== Activity ==
From the listing that follows, output everything exactly except the pictures.
--- Supplied data Enclosed Below ---
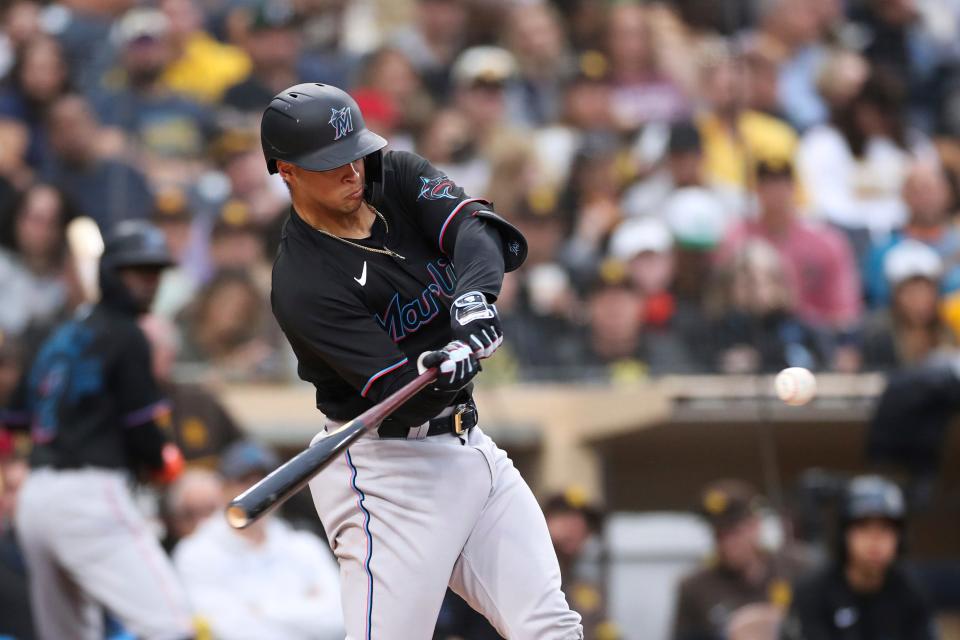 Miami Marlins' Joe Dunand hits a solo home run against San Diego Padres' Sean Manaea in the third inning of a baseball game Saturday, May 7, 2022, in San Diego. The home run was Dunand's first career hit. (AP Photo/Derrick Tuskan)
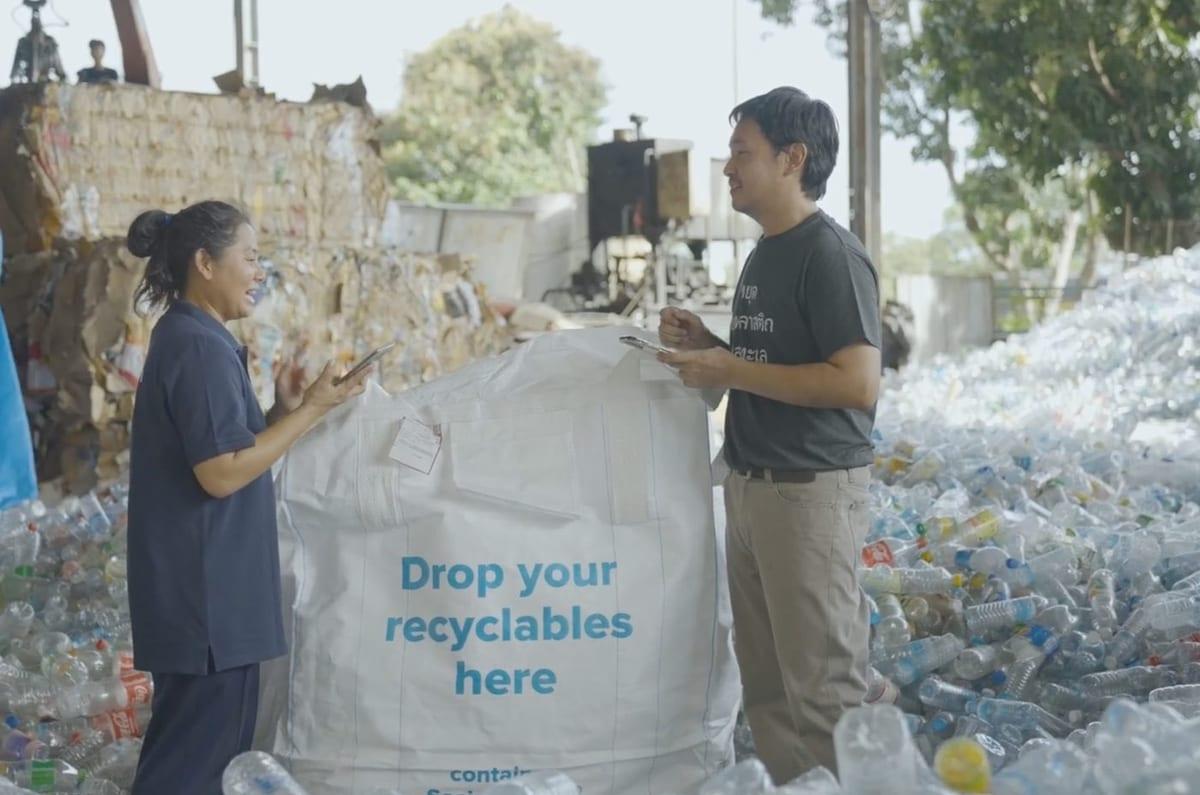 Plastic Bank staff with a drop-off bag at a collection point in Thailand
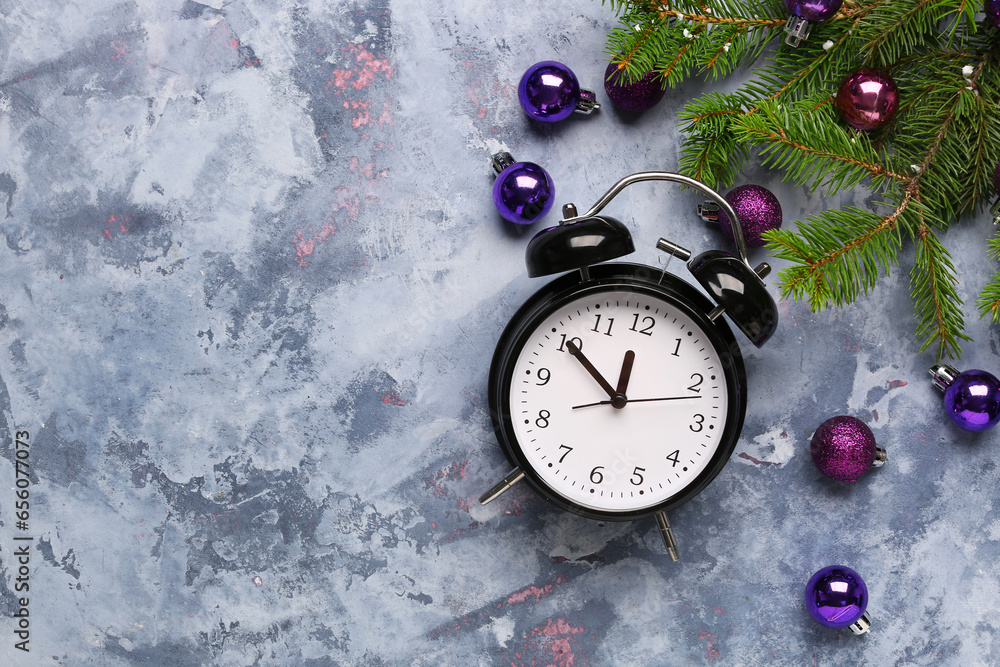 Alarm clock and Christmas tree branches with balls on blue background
--- End of Enclosed Supplied data ---
== Result ==
 Miami Marlins' Joe Dunand hits a solo home run against San Diego Padres' Sean Manaea in the third inning of a baseball game Saturday, May 7, 2022, in San Diego. The home run was Dunand's first career hit. (AP Photo/Derrick Tuskan)
 Plastic Bank staff with a drop-off bag at a collection point in Thailand
 Alarm clock and Christmas tree branches with balls on blue background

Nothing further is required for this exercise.